Zabawa w wakacje i sprint w płetwach. Zegrze się reklamuje

Marzący o dalekich wycieczkach mężczyzna bawi się w wakacje. Już po chwili w płetwach i masce biegnie plażą Jeziora Zegrzyńskiego. Tak powiat legionowski zachęca do wypoczynku nad podwarszawskim zalewem.

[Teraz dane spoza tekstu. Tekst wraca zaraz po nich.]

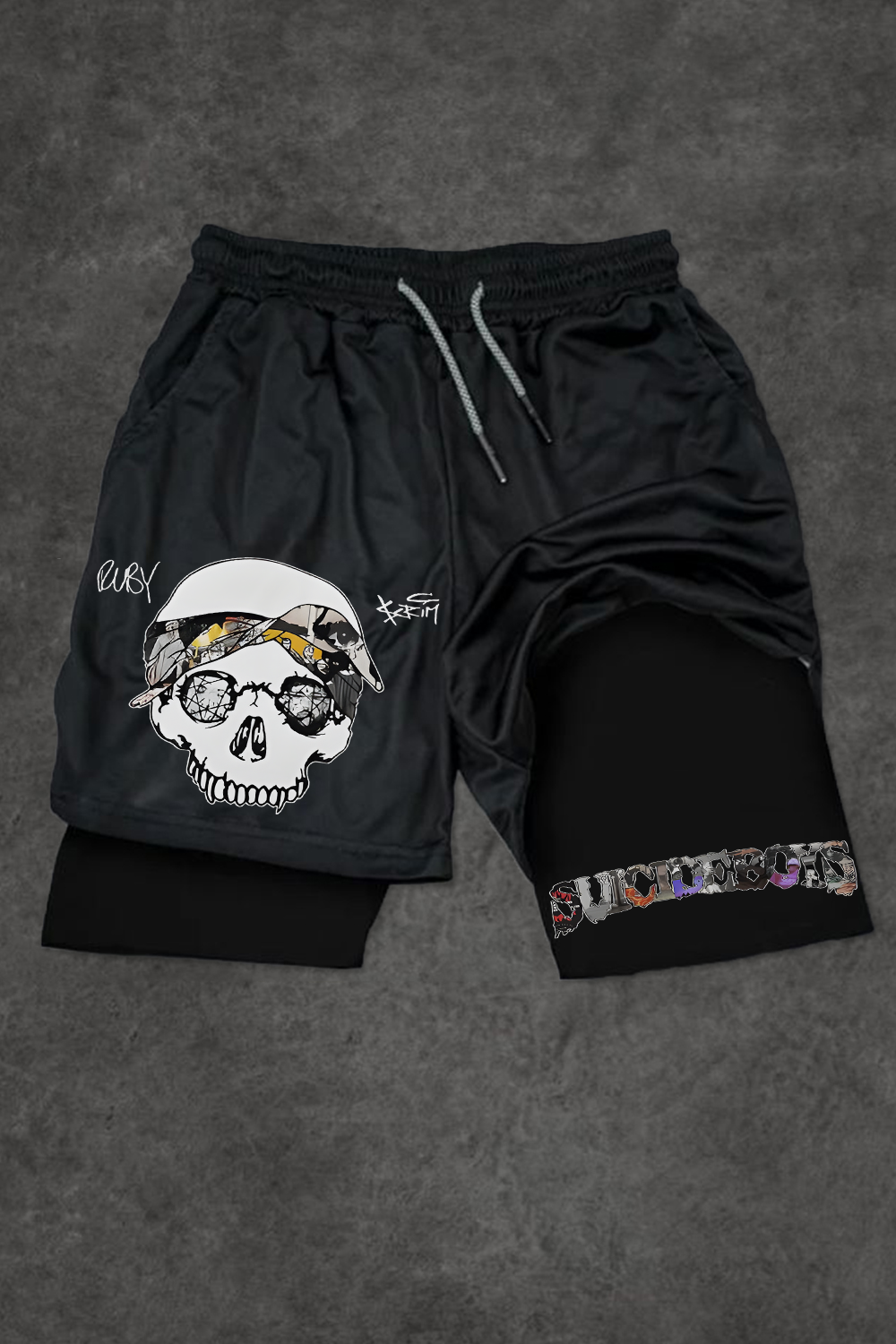 $UICIDEBOY$ KING OF RAP shorts
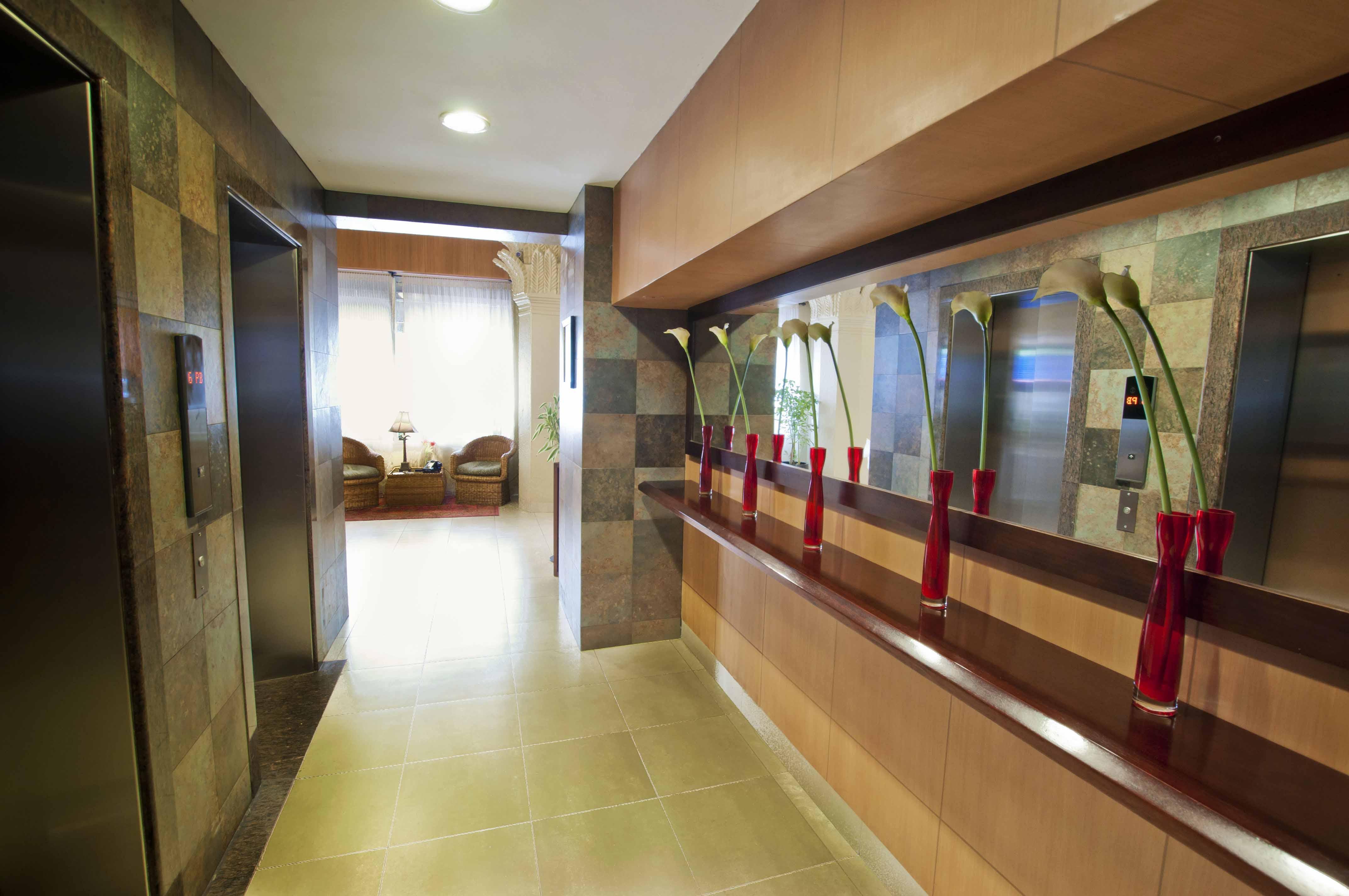 Hotel Palace Гуаякуил Екстериор снимка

Zalew Zegrzyński. To tu w każdy ciepły weekend królują plastikowe klapki a dym z rozpalonych grilli niemalże całkowicie przesłania drogę z Nieporętu do Zegrza. Z głośnika barki, na której zbudowano bar, słychać zniecierpliwiony głos "Zamówienie numer 31. Podwójne frytki". Wciąż jednak nikt się nie zgłasza. Być może jednodniowi warszawscy urlopowicze zdążyli już wypłynąć w rejs rowerem wodnym. Każdy, kto próbował rozłożyć ręcznik na jednej z zatłoczonych zegrzyńskich plaż, nie ma najmniejszych wątpliwości jaką zalew cieszy się popularnością. Jak każdy produkt turystyczny potrzebuje jednak promocji.

Zabawa w wakacje

Powiat legionowski, kontynuując rozpoczętą przed Euro 2012 kampanię, zlecił nakręcenie klipu zachęcającego do wypoczynku nad Zegrzem. Jest on skierowany nie tylko do mieszkańców województwa Mazowieckiego, ale i całej Polski. Powstał w studiu produkującym lokalną telewizję.

Widzimy na nim mężczyznę, który pod osłona nocy bawi się w urlop. Wciela się coraz to w inne postacie. Kres stawia temu obudzona hałasami córka. W następnej scenie szczęśliwa rodzina wypoczywa już na plaży Zalewu Zegrzyńskiego. "Żeby się dobrze bawić nie trzeba wyjeżdżać daleko" – informuje lektor.

"Nie trzeba jechać daleko"

Mirosław Pachulski, naczelnik wydziału promocji powiatu legionowskiego, nie boi się śmieszności. - Wierzę w poczucie humoru ludzi którzy przyjeżdżają nad jezioro i w to, że potrafią złapać dystans – mówi Pachulski. - Spot pokazuje, że każdy ma marzenia o wakacjach. Nie trzeba jednak jechać daleko. Wystarczy nad zalew – wyjaśnia. - To nie jest tylko miejsce na grilla, ale jest to nasze małe morze pod Warszawą - dodaje.

Naczelnik przyznaje, że nie wszystkim spot przypadł do gustu. - Jednym się podoba, innym się nie podoba. Nie dostaliśmy jednak w tej sprawie żadnej skargi – mówi.

Spot kosztował 20 tys. złotych. Pachulski mówi, że jeżeli znajdą się pieniądze, to powstaną kolejne filmy.